Length semantics settings
Understanding length semantics
The length semantics of character string data matters when using a multibyte character set. Length semantics involves data type length specification for database column and program variable definitions, as well as string manipulations (for string lengths, character positions, offsets and substring ranges).
In a single-byte characters set like ISO-8859-1, a character is encoded on one byte. The length of a string can be counted in bytes or characters, the unit does not matter. In other words, the length semantics is identical in bytes or characters, with a single byte encoding. However, with a multibyte character set like UTF-8 or BIG5, a character can be encoded on several bytes. In such case, the unit regarding length semantics matters, because the number of bytes of a character string can be different from the number of characters.
For multibyte characters sets, the language supports Byte Length Semantics (BLS) and Character Length Semantics (CLS) specification. BLS or CLS usage depends on the current character set of the application. BLS is typically used with a character set such as BIG5, because for historical reasons programmers are used to counting 2 bytes for each Chinese character. For UTF-8, which is a variable size encoding, the recommendation is to use CLS instead. CLS simplifies data type definition and string handling when using UTF-8.

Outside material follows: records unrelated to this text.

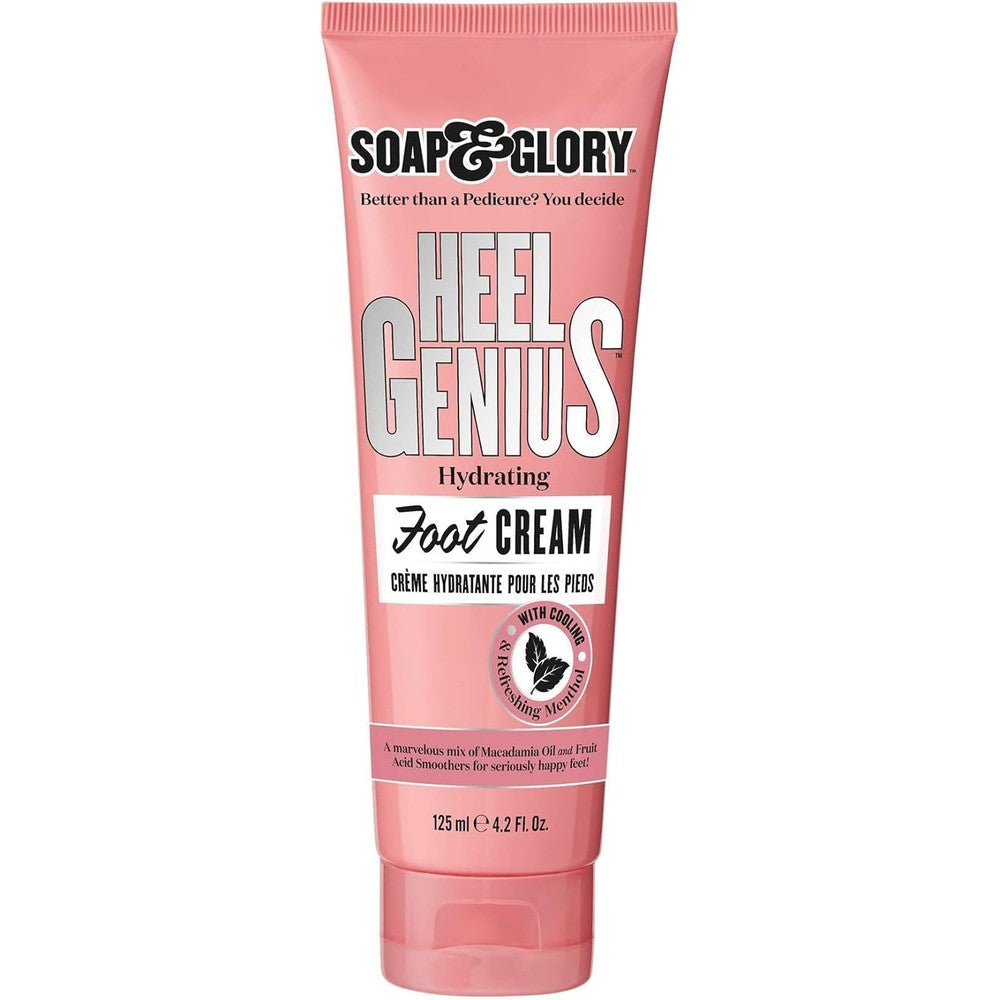 Soap And Glory Heel Genius Foot Cream 125ml tube front view for cracked heel repair.
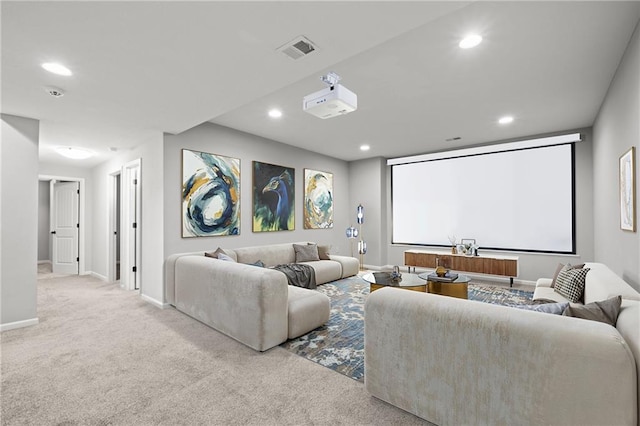 home theater featuring recessed lighting, visible vents, carpet floors, and baseboards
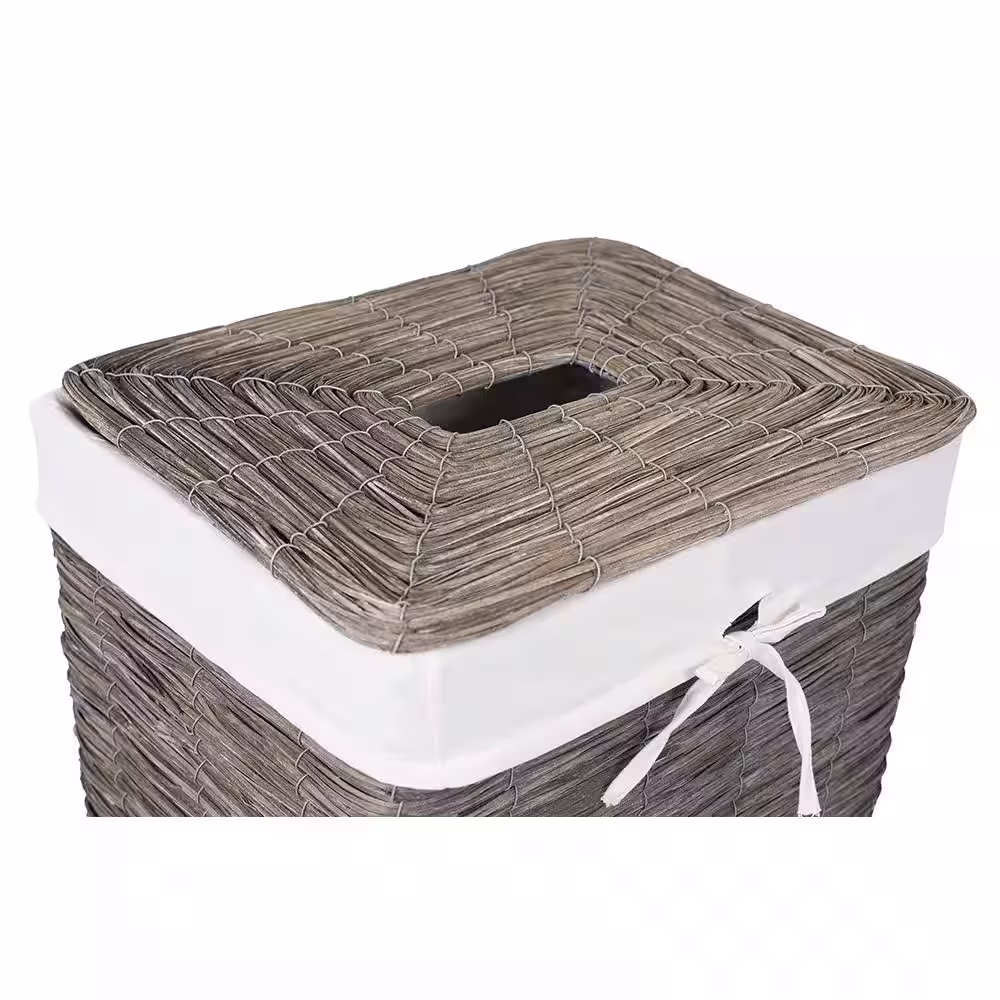 BirdRock Home Grey Rustic Woven Wood Peel Laundry Hamper with Lid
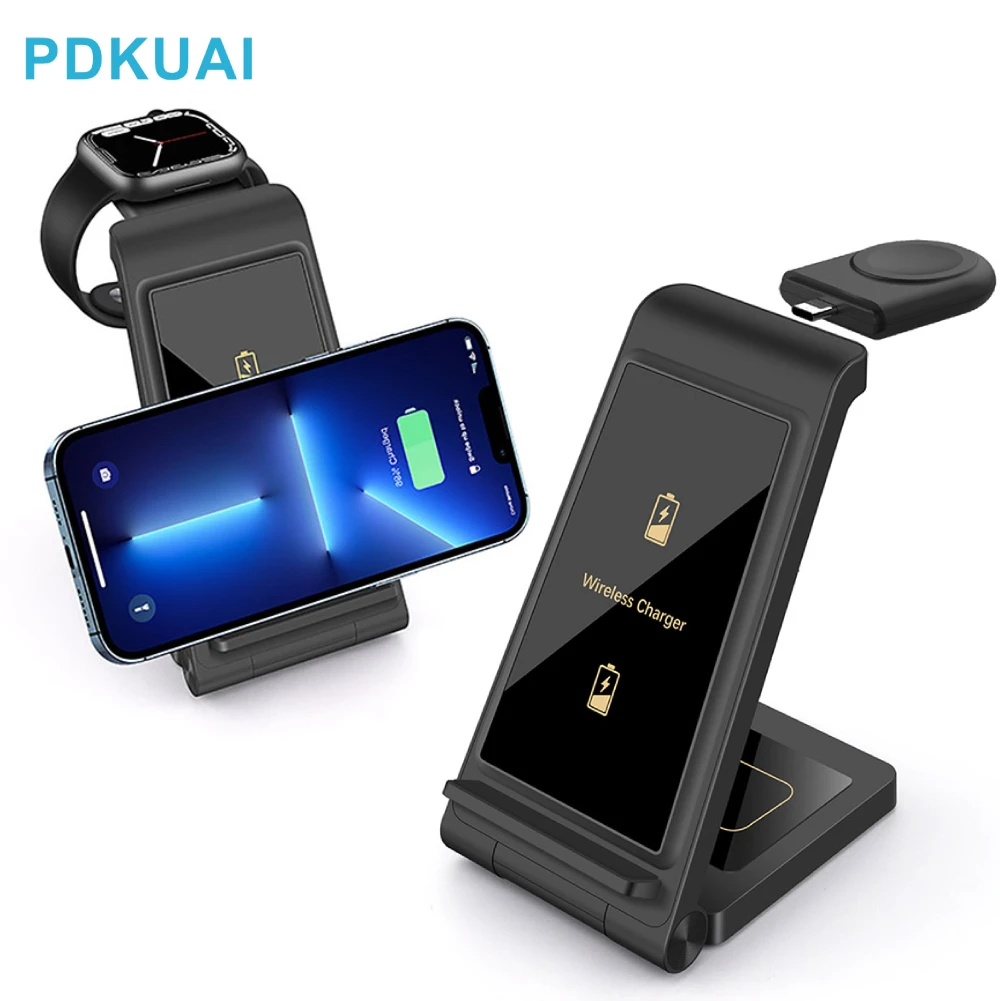 

Беспроводное зарядное устройство 3 в 1, подставка для Apple Watch 7 SE, зарядная док-станция для iPhone 14 13 12 11 Pro Max Airpods 3 2 Pro, 25 Вт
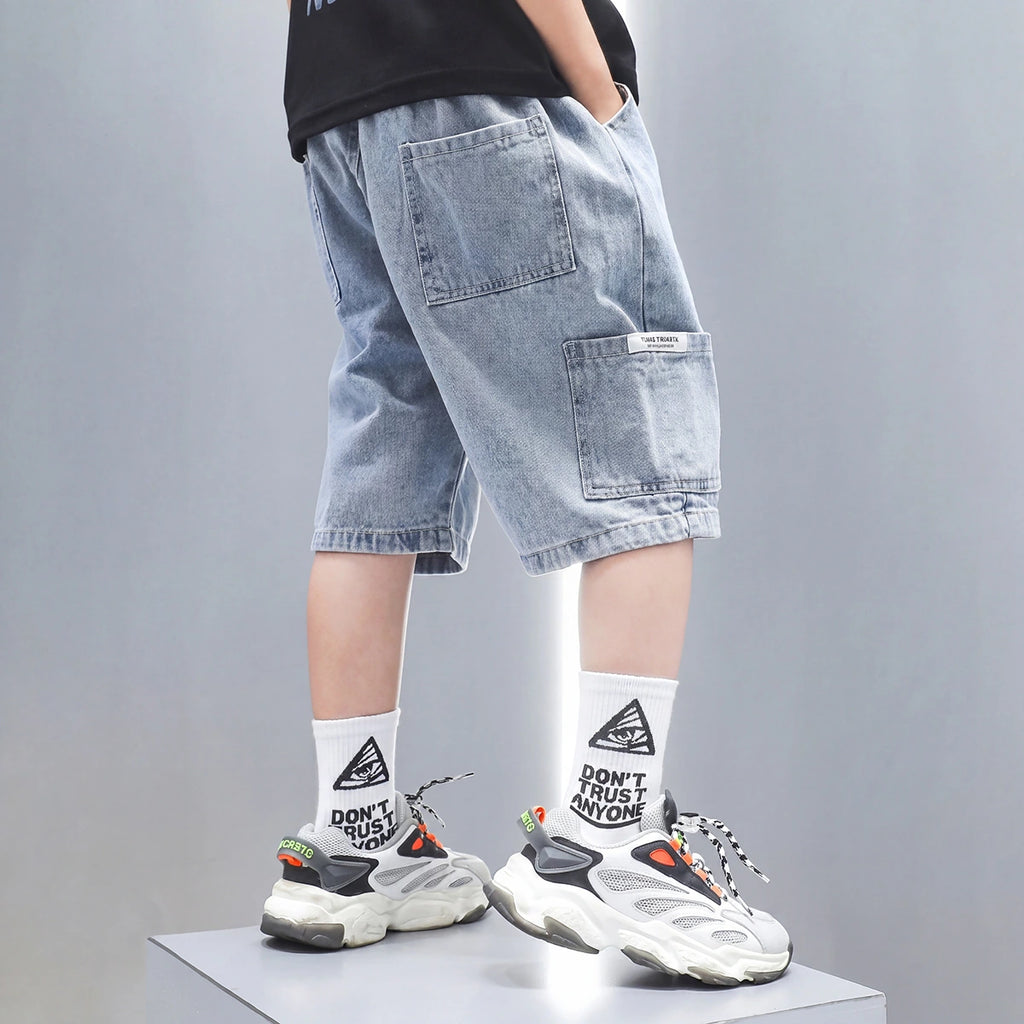 Boys Light Blue Loose Fit Denim Shorts Shorts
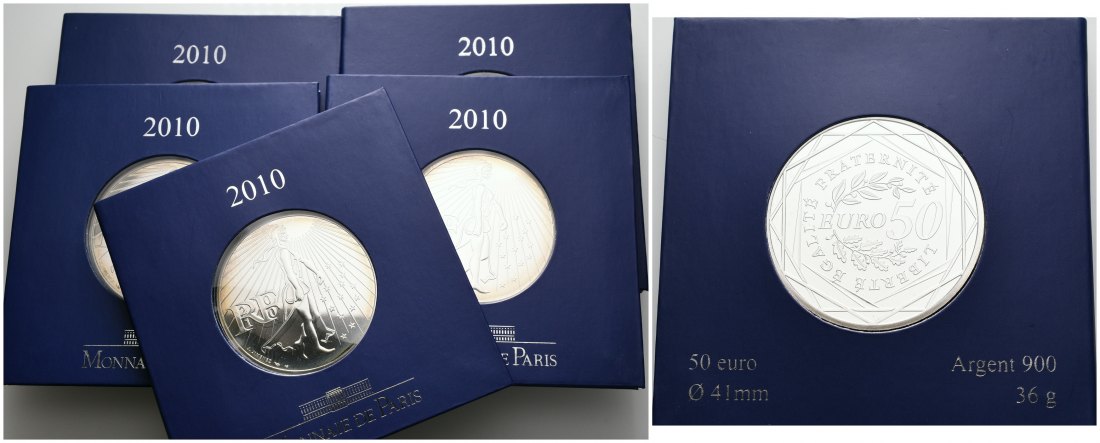 PEUS 6171 Frankreich 162 g Feinsilber. Die Säerin incl. Verpackung 50 Euro-Lot SILBER (5 Münzen) 2010 Uncirculated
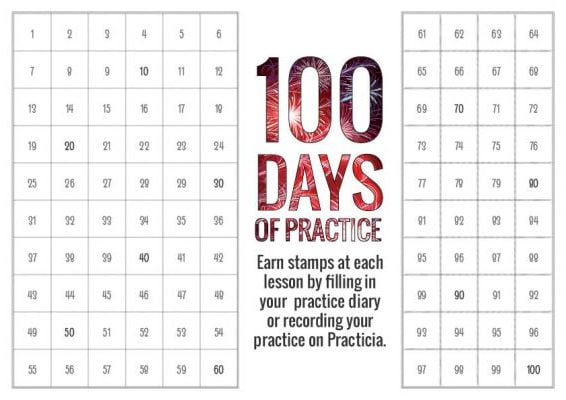 100 days of piano practice stamp sheet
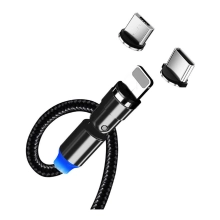 Купить Кабель ColorWay 3в1 USB - Lightning+MicroUSB+USB-C Magnetic Rotation 540° 2.4A 1m Black (CW-CBUU037-BK) - фото 2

Programming areas concerned by length semantics are illustrated in the following code example:
SCHEMA shop
# CREATE TABLE mytable (
# k INT,
# vc VARCHAR(10)
# -- what is the unit for the column size and how many
# -- characters can be stored in this column?
# )
MAIN
DEFINE buf, tmp VARCHAR(50) -- what is the unit for the size?
DEFINE rec RECORD LIKE mytable -- what is the size of vc member?
DEFINE str STRING, len INT
DATABASE shop
SELECT LENGTH(vc) INTO len -- What unit use string functions in SQL?
FROM mytable WHERE k = 45
LET buf = "abcdef..." -- How many chars can this variable hold?
DISPLAY length(buf) -- In what unit is the length expressed?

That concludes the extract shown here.